▸ Data to process:
====
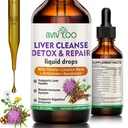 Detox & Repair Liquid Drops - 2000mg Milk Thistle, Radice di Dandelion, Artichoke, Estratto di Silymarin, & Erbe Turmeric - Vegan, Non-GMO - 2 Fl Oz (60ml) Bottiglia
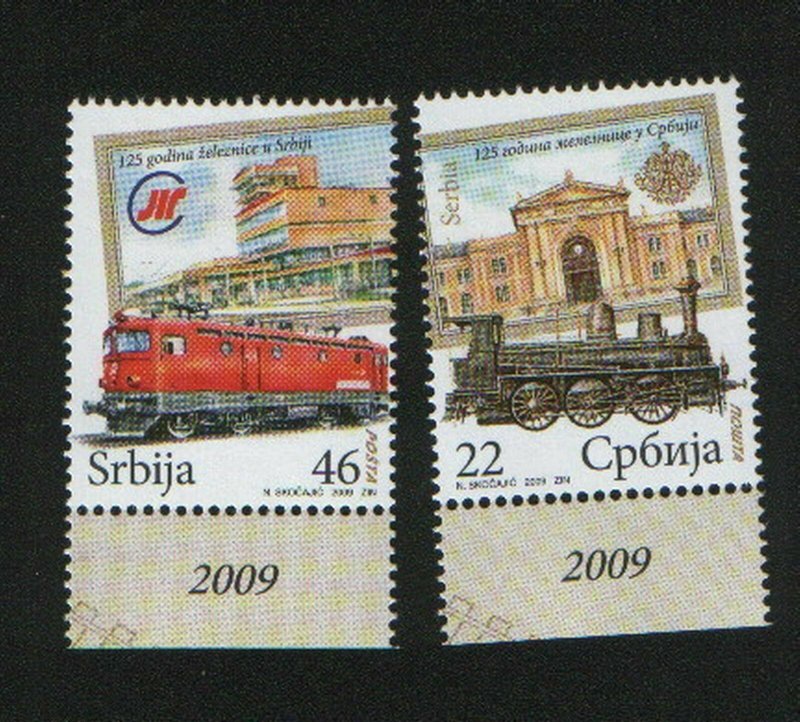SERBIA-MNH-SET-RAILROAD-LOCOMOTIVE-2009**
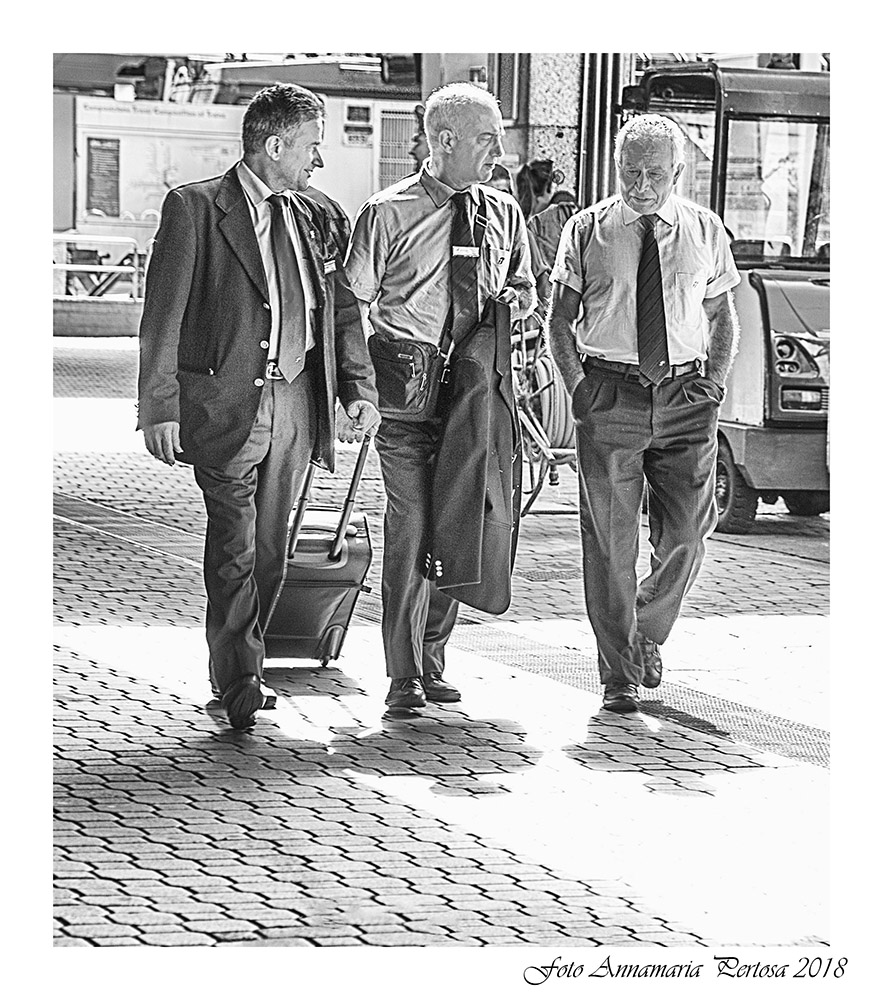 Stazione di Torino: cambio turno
====
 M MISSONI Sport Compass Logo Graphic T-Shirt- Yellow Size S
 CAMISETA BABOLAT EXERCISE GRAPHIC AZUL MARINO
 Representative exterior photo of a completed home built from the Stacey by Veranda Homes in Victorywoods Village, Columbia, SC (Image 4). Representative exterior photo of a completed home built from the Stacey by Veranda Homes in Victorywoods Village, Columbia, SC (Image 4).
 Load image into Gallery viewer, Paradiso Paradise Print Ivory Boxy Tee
====
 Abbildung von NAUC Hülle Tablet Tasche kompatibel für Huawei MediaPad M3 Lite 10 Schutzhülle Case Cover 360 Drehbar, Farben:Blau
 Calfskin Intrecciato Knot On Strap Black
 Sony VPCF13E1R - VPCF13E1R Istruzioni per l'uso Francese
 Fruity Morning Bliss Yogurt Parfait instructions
====
▸ Problem to solve:
Above are the records; print exactly the lines from the line with "Sony VPCF13E1R - VPCF13E1R" to the line with "Fruity Morning Bliss", including both, and nothing else.

▸ Exercise answer:
 Sony VPCF13E1R - VPCF13E1R Istruzioni per l'uso Francese
 Fruity Morning Bliss Yogurt Parfait instructions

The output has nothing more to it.